Horror Storytelling / Horror Art
In artworks, books, comics, movies, streaming series, television shows, and scripted podcast fiction episodes, elements of horror storytelling have inner workings that can be explored. You just need to know what to look for to increase your awareness of how tales of horror work.
The horror genre uses storytelling and visual art which has the deliberate goal of pleasing an audience specifically by scaring or shocking or thrilling or emotionally and potentially sexually arousing them.
This podcast series has an official name of “Taboo Truths and Tales” because the topics or subject matter in the episodes are identified as being taboo. This simply means what you hear in the podcast episodes is considered by certain segments of society to be excessively controversial, replusive, offensive, sacred, profane, untouchable, and only allowed for a select few. See a listing of horror theme podcast episodes.

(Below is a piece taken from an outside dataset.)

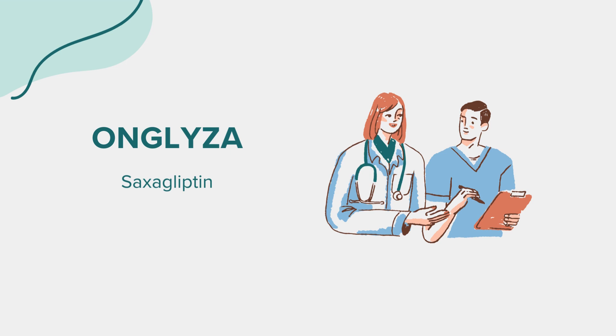Hello everyone. Today, we're delving into the world of a medication called saxagliptin, commonly known by its brand name, Onglyza. As with all our discussions, this is meant for educational purposes. If you have health-related questions or concerns, always reach out to a medical professional.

A Focus Upon Male Characters Only
The topics or subjects in the horror storytelling and horror art involve precise tactics in fictional storytelling which depict male characters interacting with other male characters.
This podcast series has a clear target of audience—males and females who for various reasons consider it appealing or even arousing sexually to pay attention to images and stories of men interacting with other men in storytelling about men in peril or jeopardy or danger or serious risk. See a listing of horror theme podcast episodes.
Basic Inner Workings
Here are the inner workings: In the storytelling and the art presented in podcast episodes there needs to be a central character or a lead character in the story. The need involves having a horror tale which focuses upon a human (or perhaps a non-human) to which the audience can relate and share from afar in the experiences and challenges unveiled in the story. An essential storytelling element is some specific conflict with which the main focus character faces. Often that conflict requires the storyteller to create a memorable environment or atmosphere or setting that the audience will not soon forget.
The second need is for someone or something (not necessarily a living being) that brings challenges or obstacles to the situations in the story with which the main focus character must overcome. To work as a horror genre story there are no fixed requirements to include vampires, warewolves or zombies, but these three specific types of predatory creatures are readily found in storytelling that can be traced back many decades to the earliest horror themed books and movies.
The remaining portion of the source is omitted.